Gorillas…in the Rain (2 weeks ago…) We woke up around 5:30am and headed north for
2 hours (on a very bumpy road in my dad’s dream car…Landcruiser thingy not
available in the US) to the Bwindi Impenetrable Forest, one of the few homes of
mountain gorillas. This type of gorilla
is only found in Uganda, the DRC, and Rwanda (http://mountaingorillas.gorillacd.org/),
which is why they can charge $500 US per person for a guided tour, one hour
with the gorillas, with a 95% success rate of finding them. Luckily, April is the rainy season and
there’s a $150 discount…and $350 seemed much more reasonable. Plus it goes to a wonderful cause of keeping
the gorillas happy in their natural habitat.
We met our guides at 8am and trekked for about 1.5 hours
into a beautiful, dense, tropical jungle.

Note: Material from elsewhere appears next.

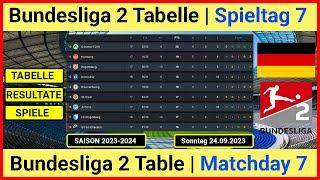 Bundesliga 2 Tabelle aktuell 2023-2024 / Bundesliga 2 Table Today 2023-2024 | 24.09.2023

Most of the time we were quiet, or talking with hushed voices, waiting
for our trackers to radio to us. They
had started off an hour earlier to find their previous night’s nest where they
examine their remains to assess the state of their health—including both food
leftovers and poop (normal vs. diarrhea).
Then they follow any signs they can find. This is their daily job! Very cool.
All of sudden my guide stopped on the trail, turned up into
the non-trekked bush and started hacking a pathway with his machete. We hiked up a VERY steep hill (we were often
crawling, grabbing onto roots or branches to get up)…and finally after 30
minutes reached the family of gorillas.
Papa Silverback was sitting very happily under a big bush, tearing off
branches with some serious strength (he weighs 500lbs plus), and stripping off
the bark to eat. He really could not
care less about us and did not turn to look at us once. His wife (they are monogamous and probably a
much better divorce rate than any human) and their children were a bit more
curious.
The one-year-old male baby was happy to be our entertainment
for the entire hour, and per our guides, was very animated and excited that day. He climbed up and down the big bush many
times, reaching the top, peeking over at us until he felt more comfortable, and
eventually put on a little balancing/dance show.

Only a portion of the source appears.